We enable homeowners to refinance and car buyers to refinance and many other kinds of debtholders to refinance but not student loans. That is a discrimination, maybe not unlawful but still a distinction that makes no sense either from the standpoint of our economy or the interests of the debtors. So I hope we will give them a fair shot but also impose a basic and fundamental tenet, an ethos of fairness: If it is good enough for home loans and car loans, why not for student loans?

We should not be adopting policies that encourage people to give up on their dreams. In fact, we ought to be doing just the opposite, making young people feel their dreams are within reach.

I will close by saying to my colleagues that in the last months I have been listening around the State of Connecticut--at roundtables and meetings--to both high school students and college students about this issue of college affordability. What is so inspiring to me, in the meetings I have had--in places such as Ansonia, Windham, and Bridgeport--is the drive and determination of our students to embark on a college education. They know its value, its realistic value, its cost, and they want to do it because they know it is a way up. They are gaining and they are giving back.

But many of them have to make compromises. They have been admitted to schools. Their first choice is a first-rate school, but they cannot put together the package financially that will enable them to go. It is beyond reach financially, even as it is within their grasp intellectually. So they may compromise--maybe the first of other compromises that they will make throughout their lives, as they pursue careers, as they have to make hard choices. But at that age, those compromises should not be driven simply by financial imperatives. They should have the best education that is possible for them, and this country should make it available, not just for their sake but for all of ours.

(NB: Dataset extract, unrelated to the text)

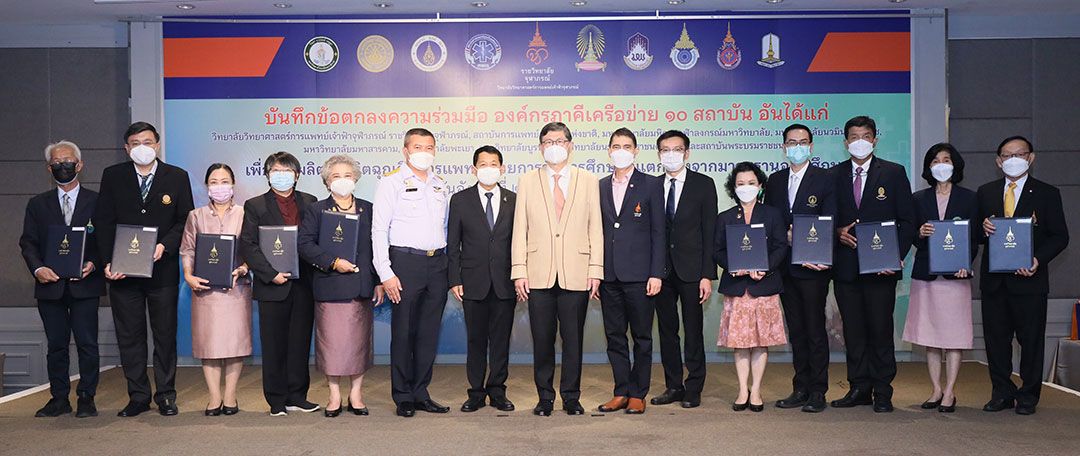ศ.(พิเศษ) ดร.เอนก เหล่าธรรมทัศน์ รมว.อว. ประธานเปิดงานและลงนามความร่วมมือกับองค์กรภาคีเครือข่าย 10 สถาบัน พร้อมด้วย ศ.พญ.จิรพร เหล่าธรรมทัศน์ คณบดีคณะเทคโนโลยีวิทยาศาสตร์สุขภาพฯ ราชวิทยาลัยจุฬาภรณ์,
ร.อ.นพ.อัจฉริยะ แพงมา เลขาธิการสถาบันการแพทย์ฉุกเฉินแห่งชาติ, ศ.นพ.นิธิ มหานนท์ เลขาธิการราชวิทยาลัยจุฬาภรณ์, ศ.ดร.นพ.สิริฤกษ์ ทรงศิวิไล ปลัดกระทรวง อว., ศ.คลินิก พญ.โฉมศรี โฆษิตชัยวัฒน์ อธิการบดีวิทยาลัยวิทยาศาสตร์การแพทย์เจ้าฟ้าจุฬาภรณ์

I have been listening to college students who are leaving--at the commencement addresses I have given at law schools, as well as colleges--listening to students talk about their futures as well, futures that will be compromised because of the debt they have, an average of $27,000 to $30,000 in the State of Connecticut alone, and it is similar in many States around the country and the reason we have $1.2 trillion in debt overall today.

They will compromise in doing a job that may be more lucrative but less rewarding, less so to them and less so to our economy, less so to our society--a lesser way of earning a living in terms of its impact in contributing to our social fabric, qualify of life. They may not be teaching, they may not be policing, they may not be doing things that give back to our society because they need the income, the higher income to pay back that debt.

So those compromises affect all of us as well. They are done because they simply cannot afford either to go to the school of their first choice or the career of their first choice, but the government can afford to give them a lower interest rate. We know the government can do so because right now it is profiting off the backs of students in billions and billions of dollars. The estimates range, over a 5-year period, from $66 billion to other amounts. We know the government will continue to profit even at lower interest rates from the Student Loan Program.

So let's have less profit to the government, better well-being in our communities, and fairer treatment for our students--a fair shot for them and their families and for all who have as their objective simply to better their lives and gain a fair shot at the American dream.

I thank the Presiding Officer.

I yield the floor and suggest the absence of a quorum.